**SUPPLIED RECORDS**
+ + +

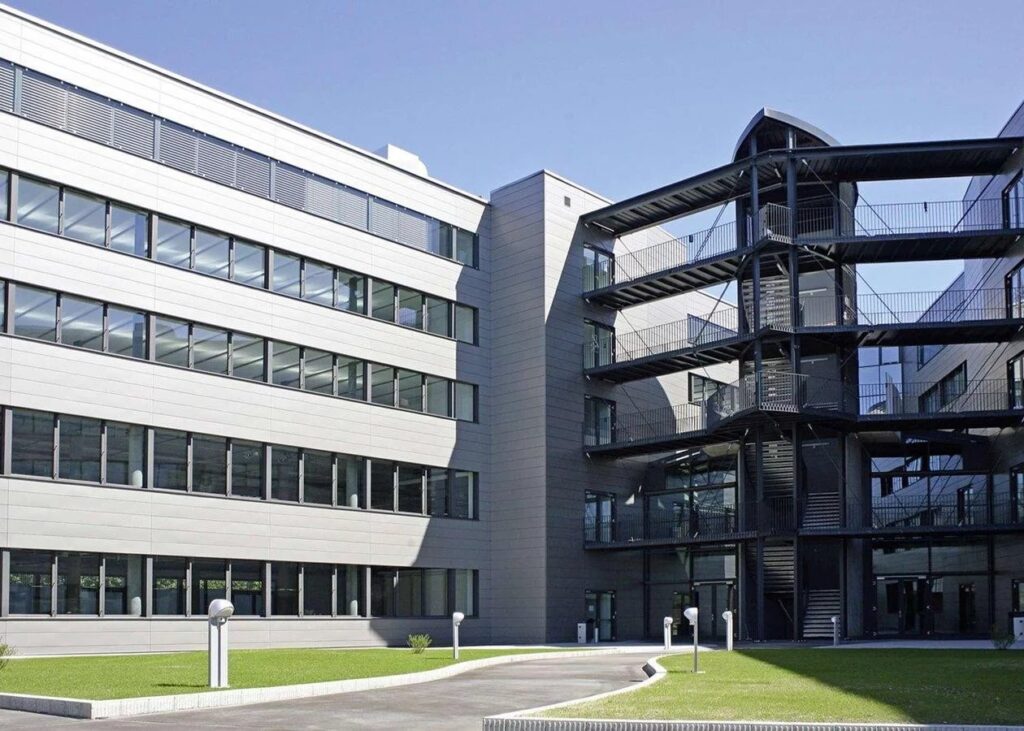 Vernier – ARCENTER : Bureaux ~117 m² – 1er étage – A LOUER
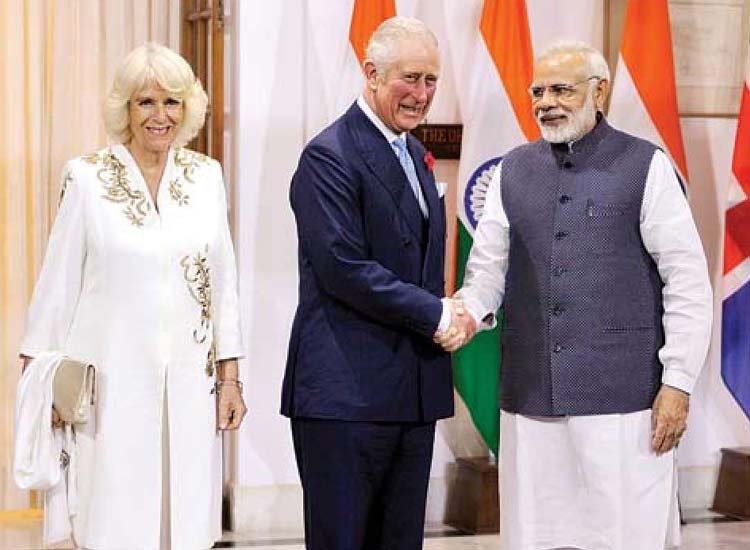 Prime Minister Modi meets Prince Charles Prime Minister Modi meets Prince Charles- India TV Hindi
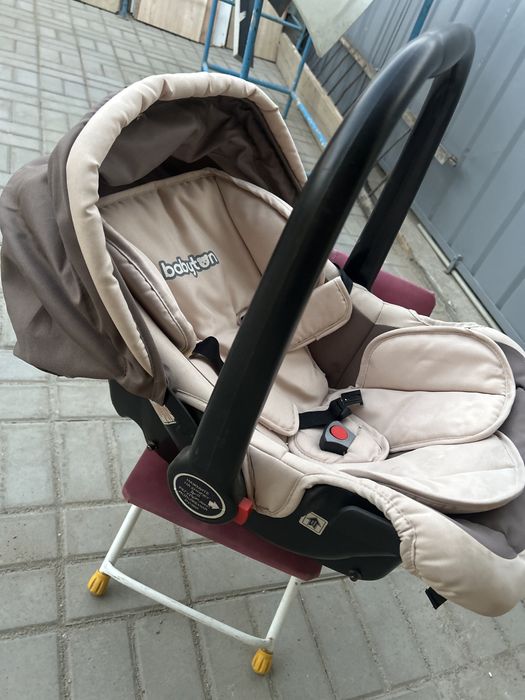 Продам коляску 2 в 1.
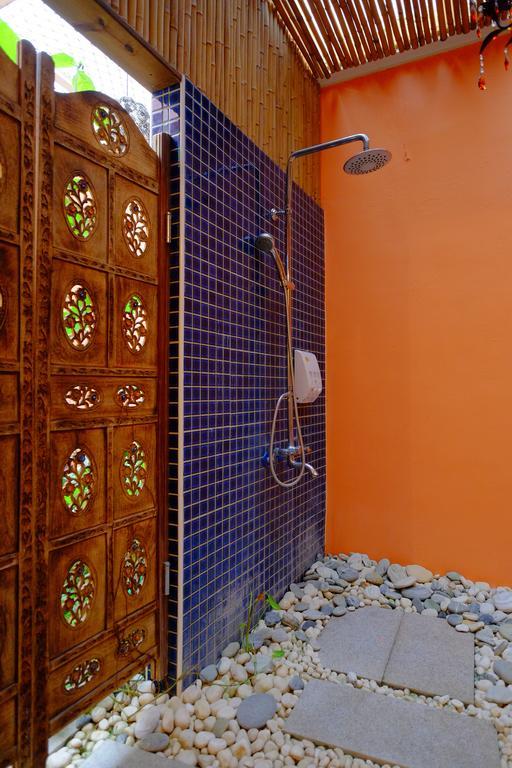 Moon House B&B Kota Hualien Bagian luar foto
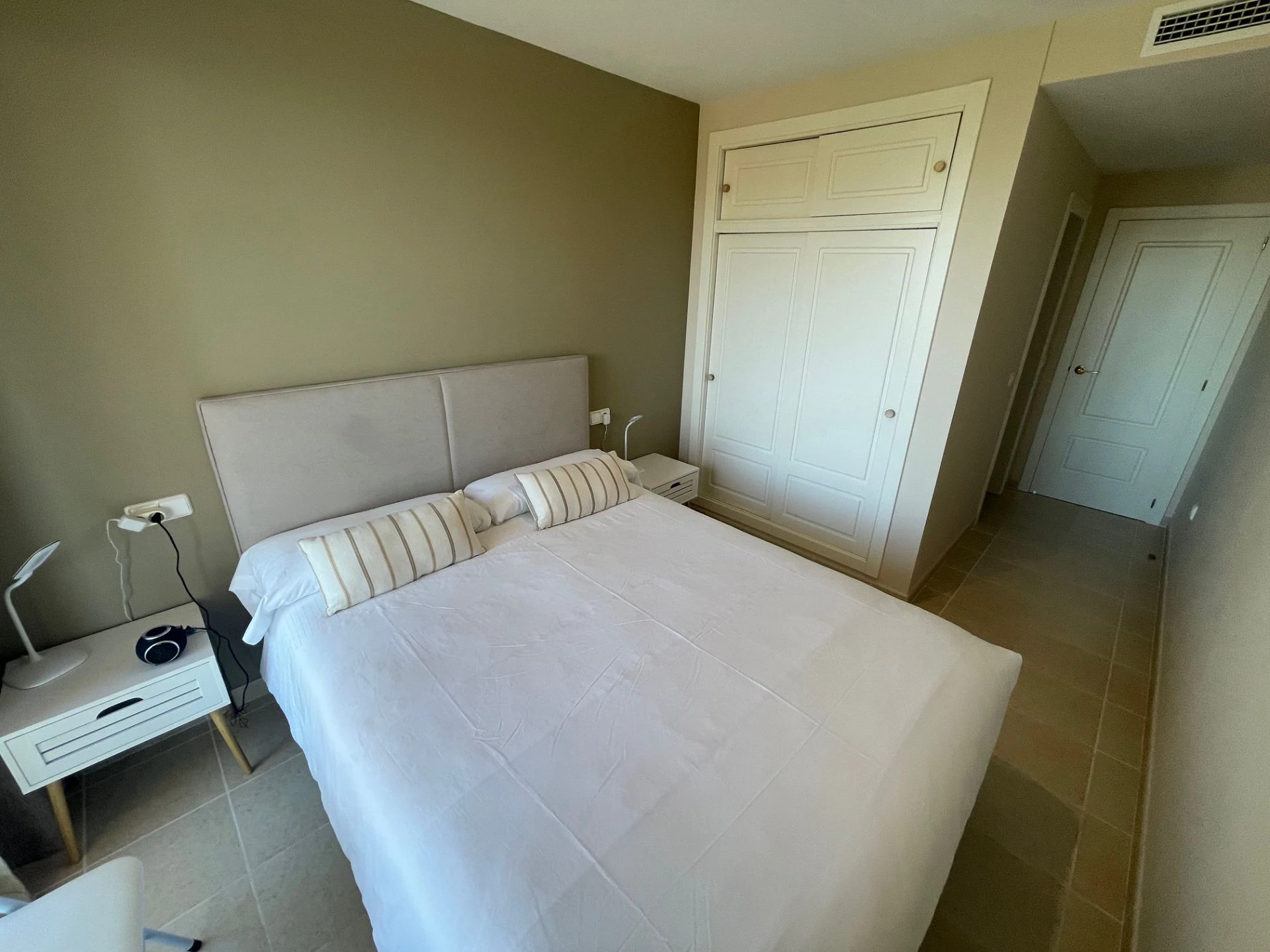Sea View 2-Bedroom Apartment for Sale in Mascarat near Marina Greenwich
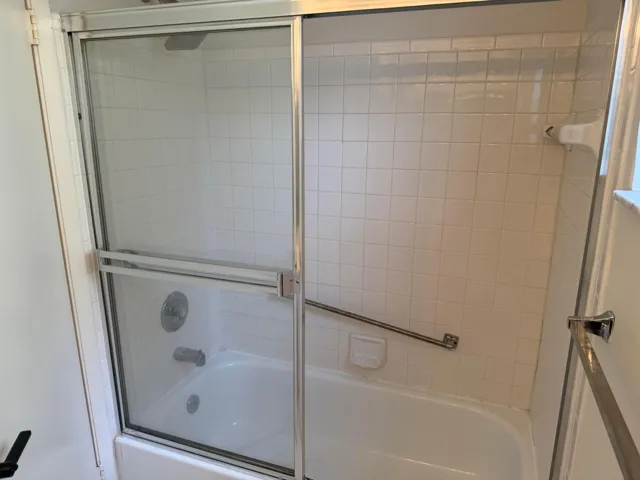 2nd bathroom tub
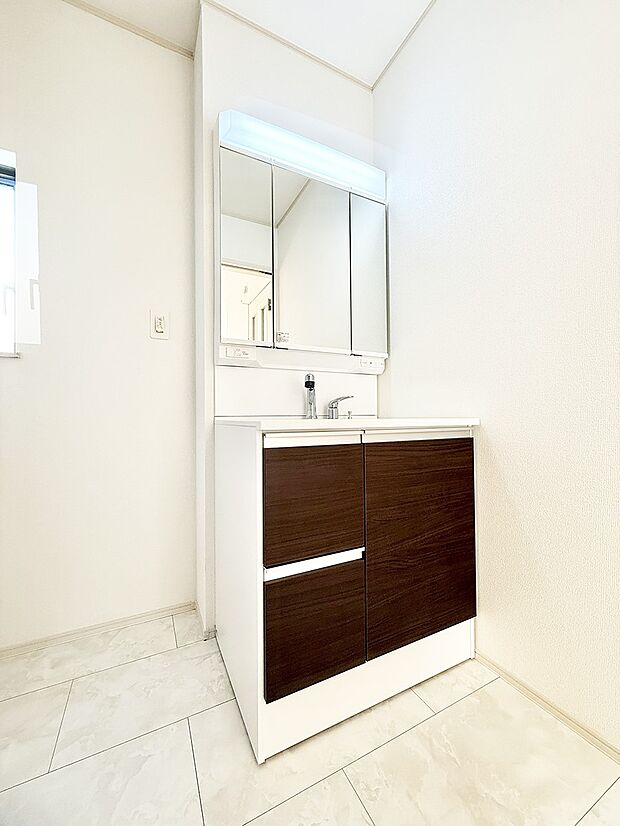 ■朝の準備がスムーズにできる広さです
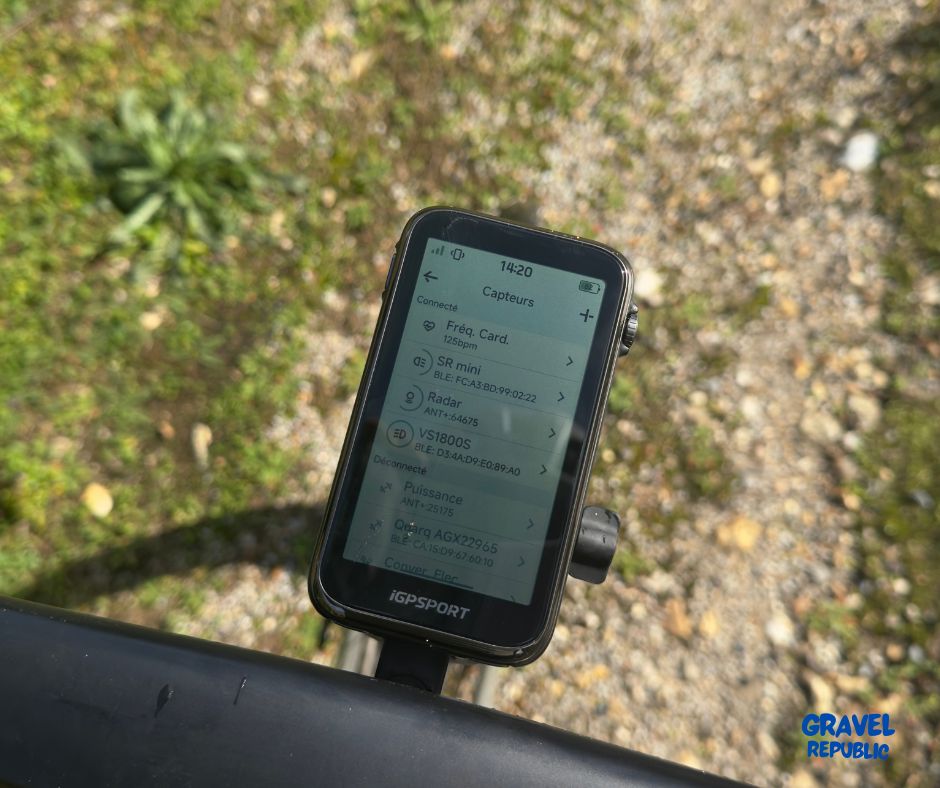Page capteurs du BiNavi Ultra listant le cardio, le radar SR mini et la lampe VS1800S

+ + +

Please return the records as they stand, word for word, with no pictures.

**RESPONSE TO THIS TASK**
 Vernier – ARCENTER : Bureaux ~117 m² – 1er étage – A LOUER
 Prime Minister Modi meets Prince Charles Prime Minister Modi meets Prince Charles- India TV Hindi
 Продам коляску 2 в 1.
 Moon House B&B Kota Hualien Bagian luar foto
Sea View 2-Bedroom Apartment for Sale in Mascarat near Marina Greenwich
 2nd bathroom tub
 ■朝の準備がスムーズにできる広さです
Page capteurs du BiNavi Ultra listant le cardio, le radar SR mini et la lampe VS1800S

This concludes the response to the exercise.